With the committee ship, the Meteor of the Armada española (Spanish Navy) in place, the first departure was for the Multihull and Open divisions, just as the sun rose after a cloudy morning. Despite a reef or two, the performance catamarans sailed at 5-6 knots at the start, led by the all-electric catamaran ITA 14.99 Nanomole (MLT) skippered by Ulrik Bjerl Nielsen from Denmark.
Then a smaller than usual ARC Racing fleet battled the swell on the coast line and it was a safe and steady start with many days of ocean sailing ahead. Harmony 52 Sao Jorge (GBR) took the lead to cross the line first, followed by the Beneteau First 53 Firstlady (DEU) and the smaller Beneteau 40.7 Escapado (GBR) following in third position. Both Sao Jorge and Escapado are charter boats from the UK-based Sail Racing Academy, carrying guest crews with a professional skipper and mate on board.
It was a spectacular sight as the white sails of more than 100 Cruise Division yachts dotted the blue horizon of Las Palmas Harbor at 1:00 p.m. Anthony Auger’s Oyster 665 Patience of London (GBR) was ahead of the fleet, with strong winds already propelling them towards Saint Lucia.
As the fleet leaves Gran Canaria in its wake, a classic trade wind sail is expected as the boats head south before turning to point their bows towards IGY Rodney Bay Marina.
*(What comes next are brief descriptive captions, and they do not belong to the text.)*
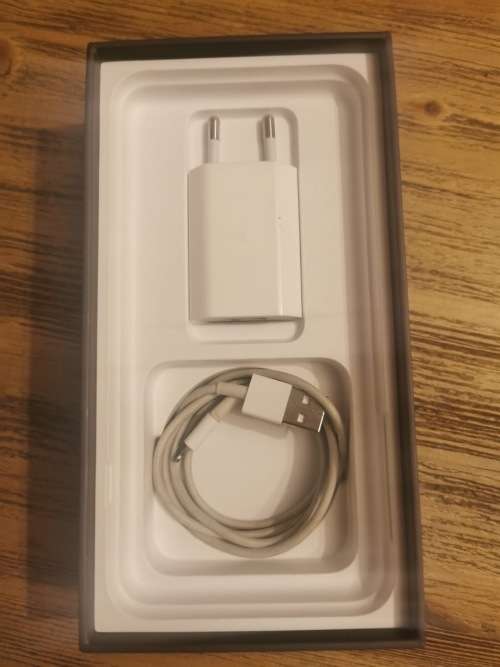 Iphone 8 Plus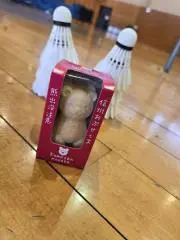 こっちゃん( *´艸)の画像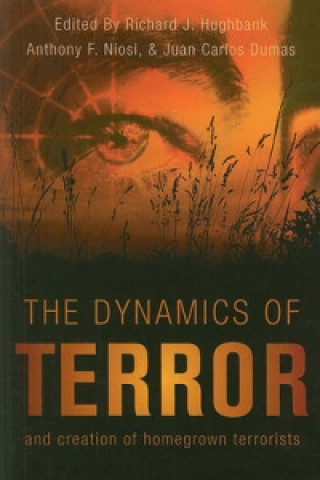 Dynamics of Terror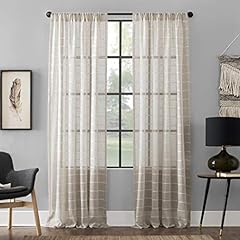 Clean window twill for sale  Delivered anywhere in USA 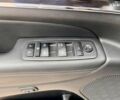 Джип Grand Cherokee, об'ємом двигуна 3 л та пробігом 64 тис. км за 44900 $, фото 25 на Automoto.ua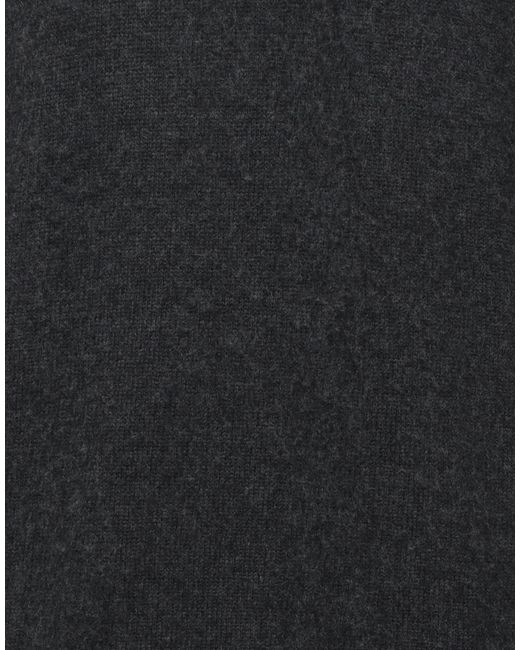 Alpha Studio Blue Jumper for men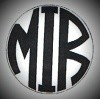 Picture for song 'Word Play' by artist 'Ministry In Rhyme'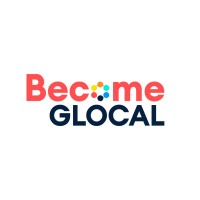 BecomeGlocal logo - Similar company to Beglobal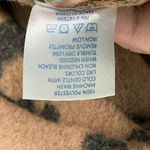 Simply Southern Duster Cardigan, XXL Photo 6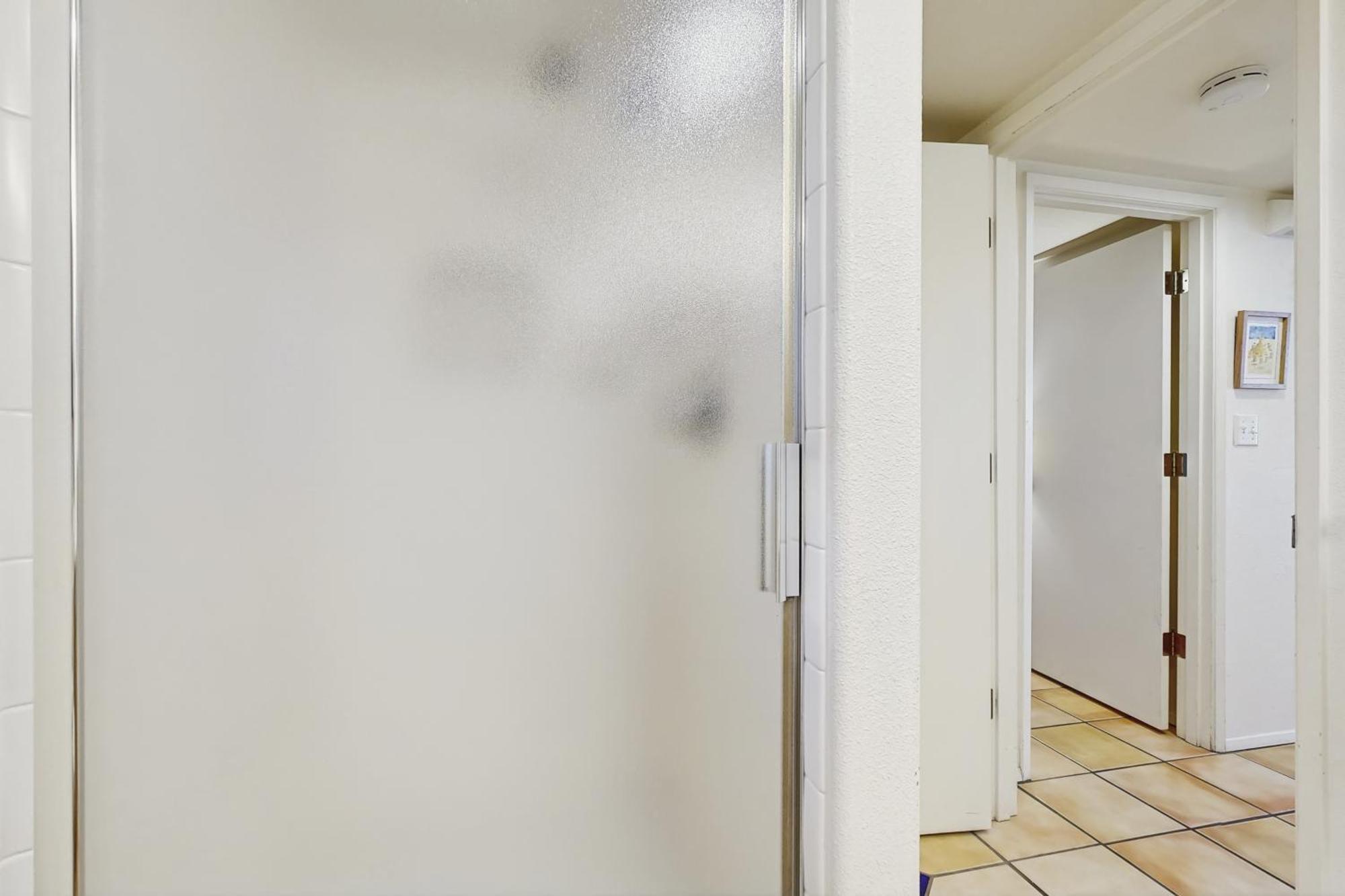 Hale Kaalawai Unit B Apartment Oceanside Exterior photo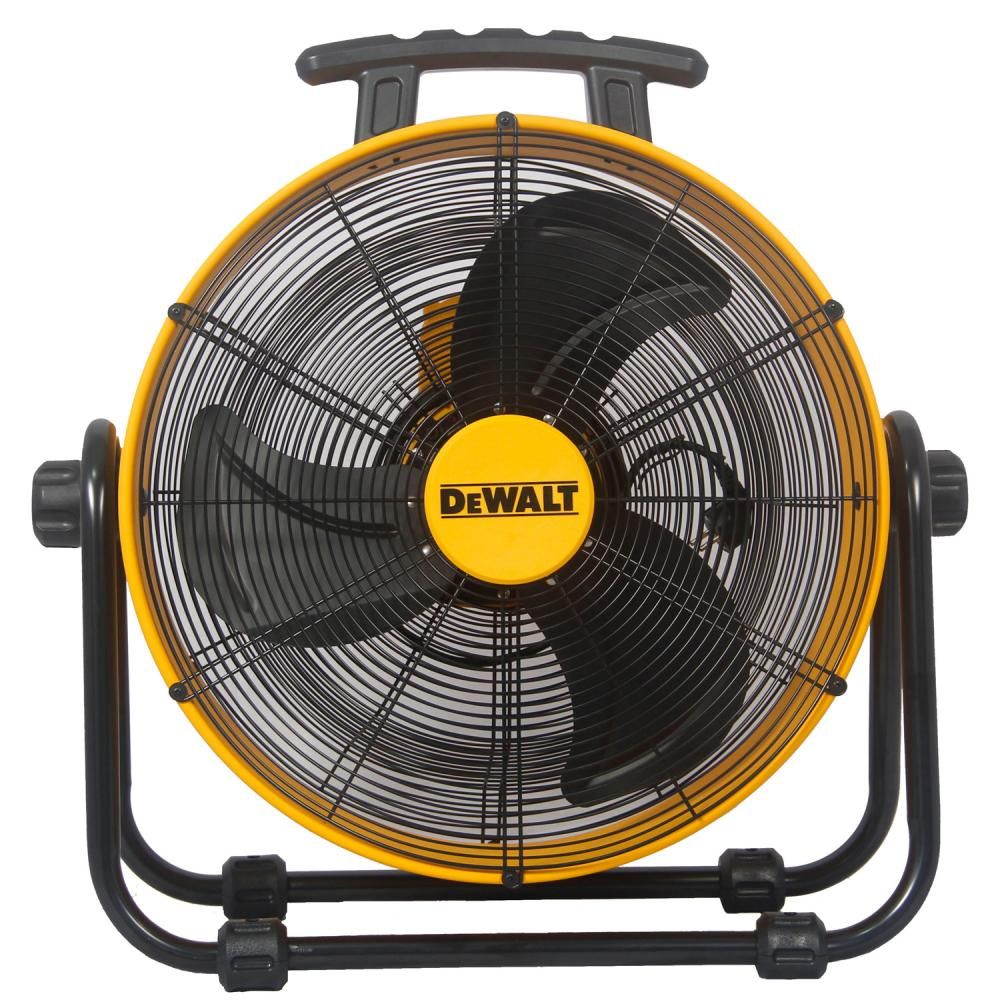 PowerToolsDirect tweet media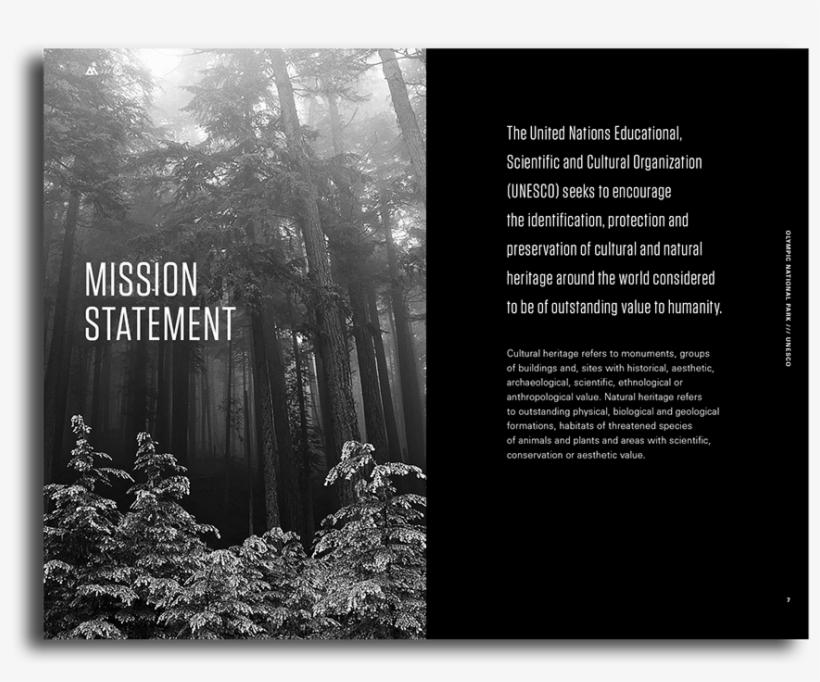 Publish For Free, transparent png #7489581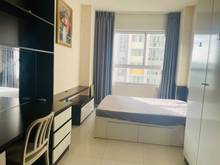 Hình ảnh Cho thuê Lexington 1pn full đồ chỉ 12 triệu/tháng
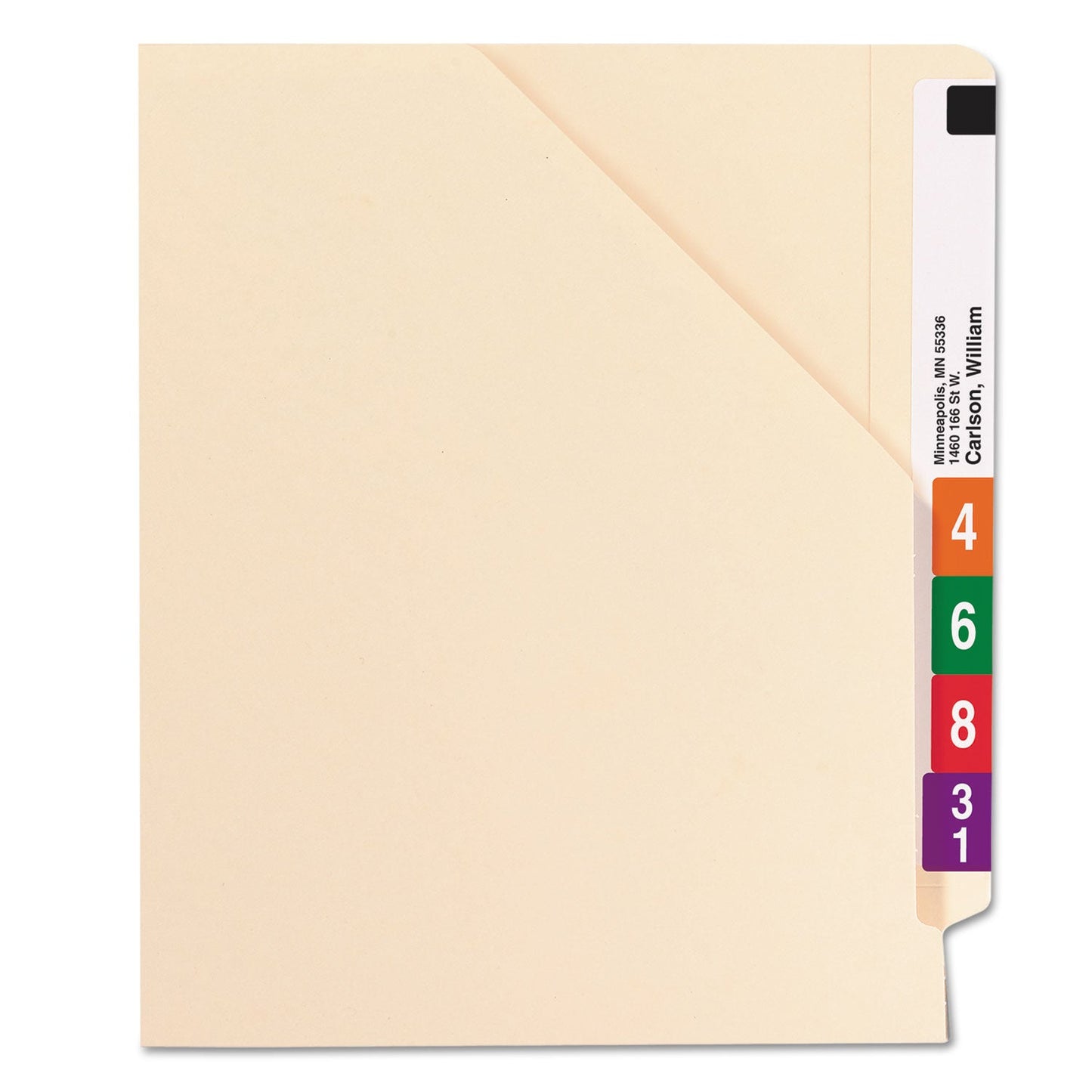 smead-end-tab-jackets-with-reinforced-tabs-num-smd75740_3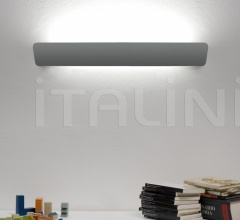 Настенный светильник Lane Настенный светильник Lane фабрика Luceplan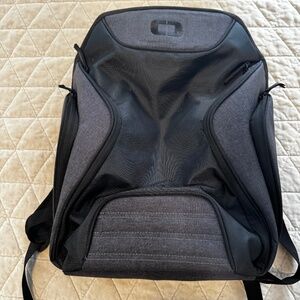 Ogio backpack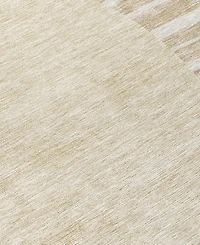 Addison Chantille Machine Washable ACN668 3'x5' Area Rug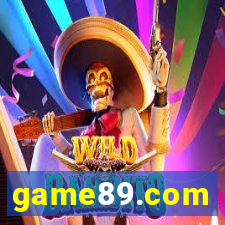 game89.com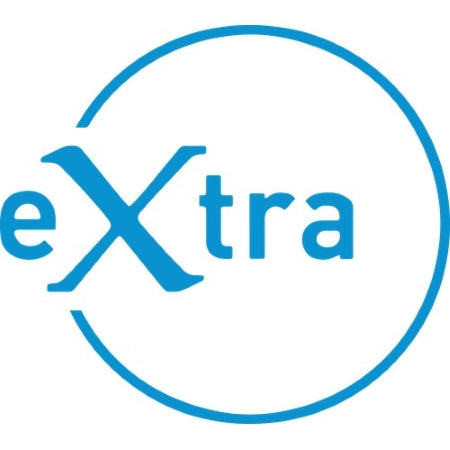 eXtra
From the youngest crew, aged just two, to the oldest skipper over 80, ARC sailors from 35 different nations will soon adjust to life on the waves after a rush of preparations before departure. All ARC boats are fitted with YB Tracking satellite trackers, allowing family and friends to follow the fleet from the comfort of their own home via the ARC website or the YB Races app.
The departure of the ARC fleet sailing direct to Saint Lucia today means a combined total of 234 yachts will cross the Atlantic under the ARC banner in November 2022. The ARC+ fleet of 91 yachts departed Mindelo, Cape Verde , for the second leg of their final crossing. Friday, direction Camper and Nicholson’s Port Louis Marina in Grenada. A further 43 yachts will join the second edition of ARC January, setting sail in the new year, in a third transatlantic rally organized by the World Cruising Club, sailing from Gran Canaria to Saint Lucia.